### What is needed
With the pictures left aside, write out exactly the lines of the listing below from the line with "Sunsations (Corelle) Extra" to the line with "Kansas City Chiefs", both included, and only those.

### Data section

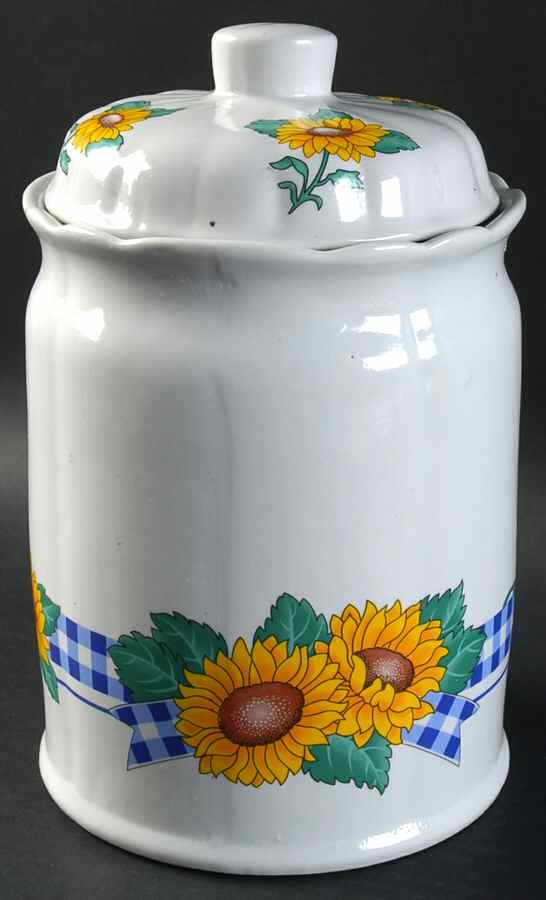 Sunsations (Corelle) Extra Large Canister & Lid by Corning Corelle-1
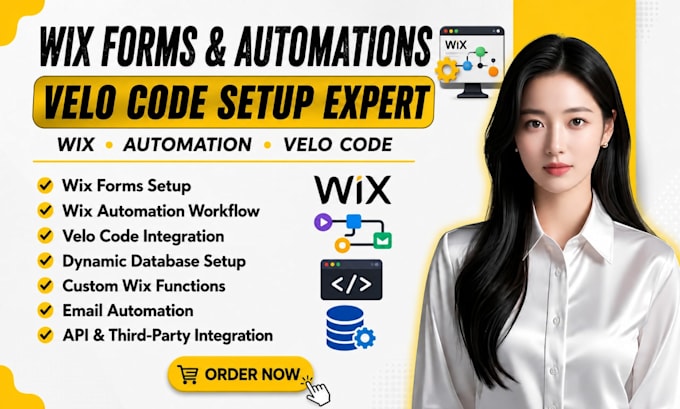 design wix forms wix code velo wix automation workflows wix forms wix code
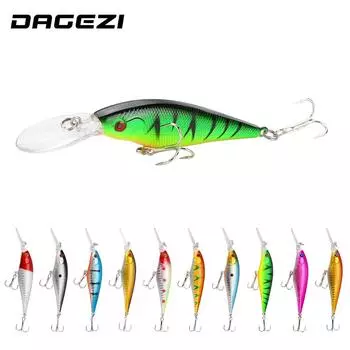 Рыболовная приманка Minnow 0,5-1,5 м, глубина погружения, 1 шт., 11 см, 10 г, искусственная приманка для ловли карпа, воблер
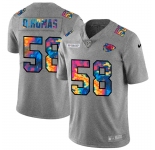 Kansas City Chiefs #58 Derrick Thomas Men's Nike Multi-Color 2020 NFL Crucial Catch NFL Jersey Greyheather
...
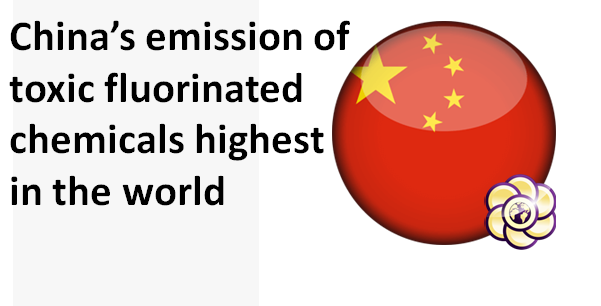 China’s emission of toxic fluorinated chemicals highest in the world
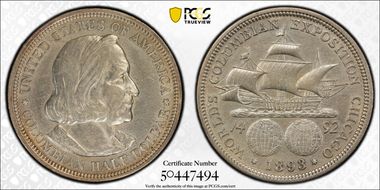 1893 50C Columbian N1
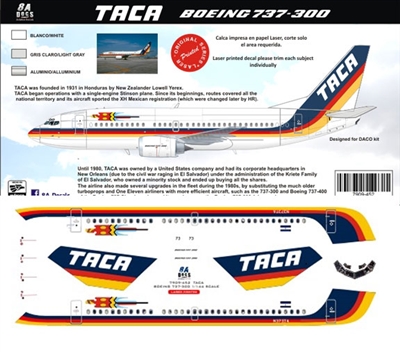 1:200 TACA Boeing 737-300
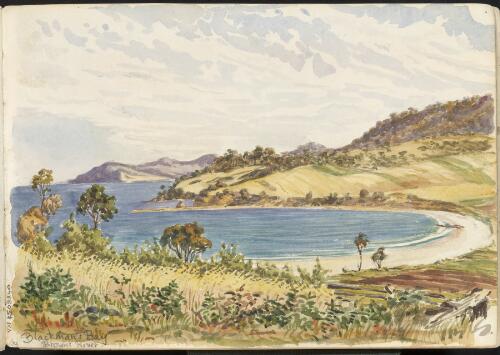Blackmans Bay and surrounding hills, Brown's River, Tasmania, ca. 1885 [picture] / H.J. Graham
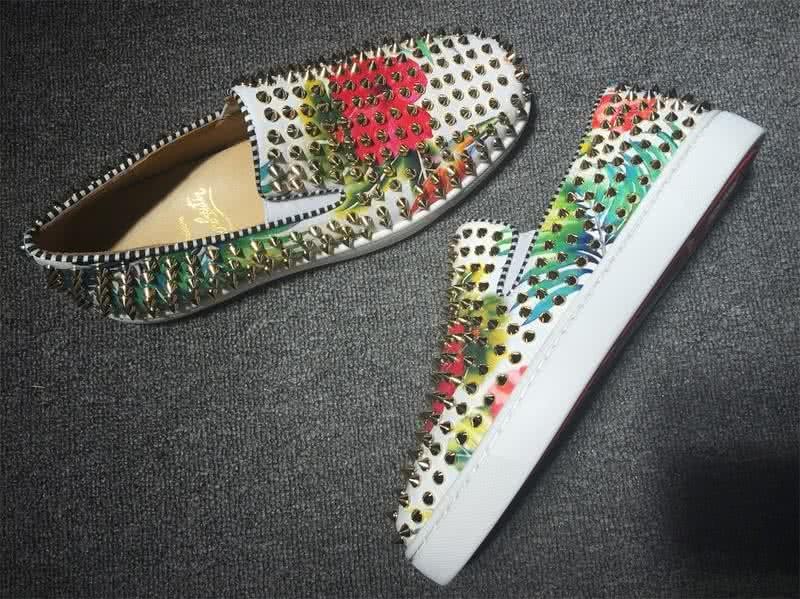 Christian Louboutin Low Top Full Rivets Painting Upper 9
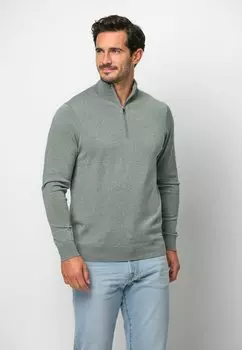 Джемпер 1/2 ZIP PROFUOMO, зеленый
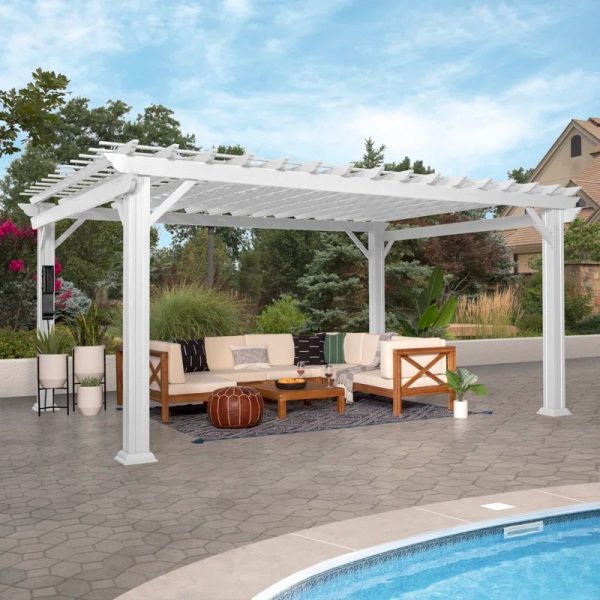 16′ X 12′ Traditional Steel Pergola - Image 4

### Exercise answer
 Sunsations (Corelle) Extra Large Canister & Lid by Corning Corelle-1
 design wix forms wix code velo wix automation workflows wix forms wix code
 Рыболовная приманка Minnow 0,5-1,5 м, глубина погружения, 1 шт., 11 см, 10 г, искусственная приманка для ловли карпа, воблер
 Kansas City Chiefs #58 Derrick Thomas Men's Nike Multi-Color 2020 NFL Crucial Catch NFL Jersey Greyheather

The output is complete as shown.